ЖАНРЫ

История жирондистов Том I
Шрифт:

Учредительное собрание тут ошиблось. Оно намеревалось создать гражданскую конституцию духовенства, то есть, уничтожив одно духовенство, создать другое. Что за важность в том, что одна религия отличается от другой? Разве это занятие, достойное Национального собрания, — соединять разделенные секты и взвешивать их разногласия? Мы освободимся от влияния этих людей только тогда, когда Национальное собрание объявит для каждого полную свободу признавать или придумывать такую религию, какую ему вздумается, когда каждый будет оплачивать культ, которому захочет следовать, и когда беспристрастие трибуналов будет в подобных делах одинаково наказывать и преследователей, и соблазнителей всех сект… Между тем члены Национального собрания говорят, что весь французский народ еще недостаточно созрел для такого учения. Им следует отвечать так: „Быть может, это правда, но вы же и должны воспитать нас вашими словами, вашими действиями, вашими законами!“ Священники вовсе не нарушают спокойствия в государстве, если ими не занимаются!»

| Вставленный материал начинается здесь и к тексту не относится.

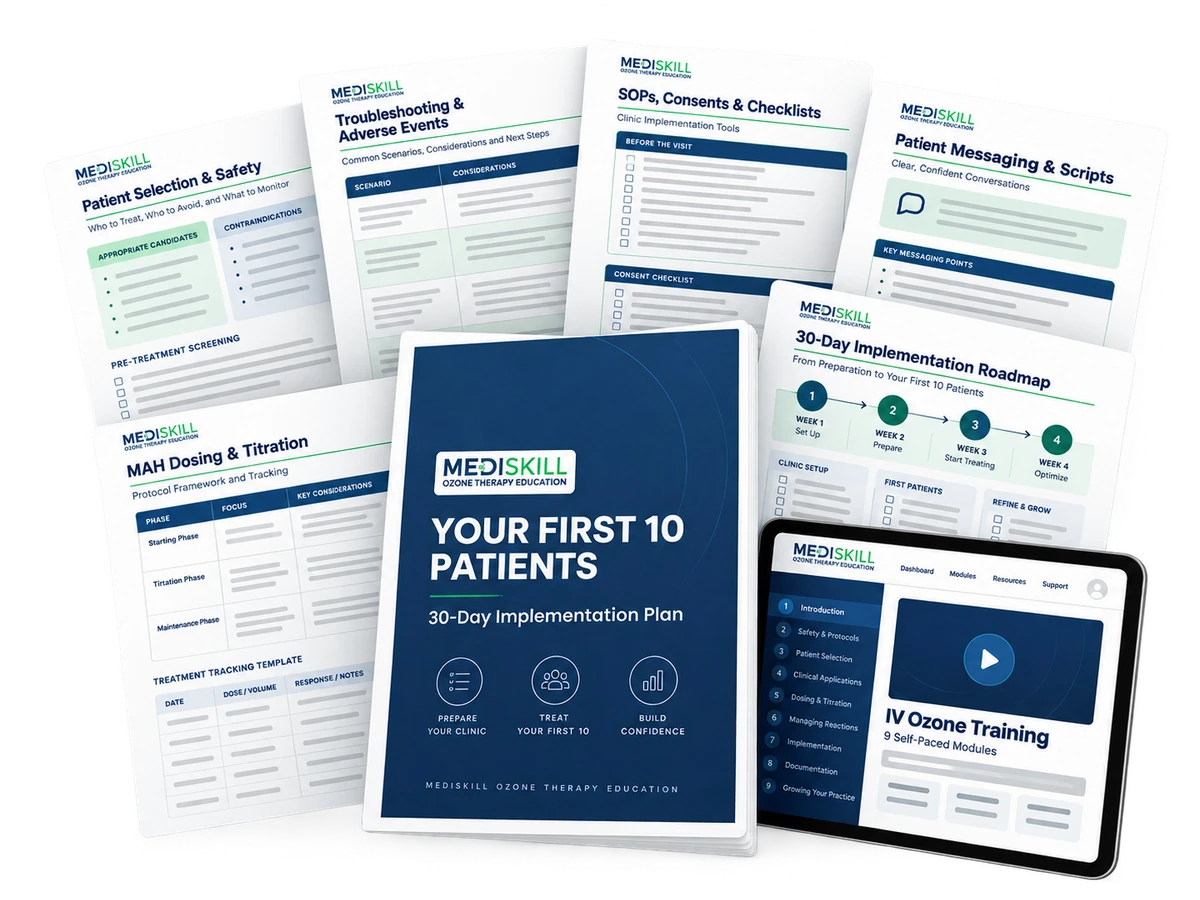 MediSkill clinical training bundle: patient selection and safety, MAH dosing and titration, troubleshooting, SOPs and consent checklists, patient scripts, a 30-day implementation roadmap and the IV ozone training course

Это письмо незамеченным облаком проплыло над головами партий, которые ставили под сомнение общественное сознание; но петиция парижской администрации, требовавшая королевского vetoпротив декретов Собрания, вызвала встречные бурные выступления. На трибуну Собрания в первый раз взошел парижский мясник Лежандр. Он провозглашал проклятия народа против его врагов и коронованных предателей. Громкими словами Лежандр обрамлял тривиальные мысли. От этого соединения вульгарных чувств с вычурными выражениями родился тот странный язык, в котором лохмотья мысли смешивались с мишурой слов и который придавал народному красноречию того времени сходство с бедной роскошью выскочки. Чернь гордилась заимствованием у аристократии ее языка хотя бы для того, чтобы с ней же бороться; но, похищая этот язык, она его оскверняла.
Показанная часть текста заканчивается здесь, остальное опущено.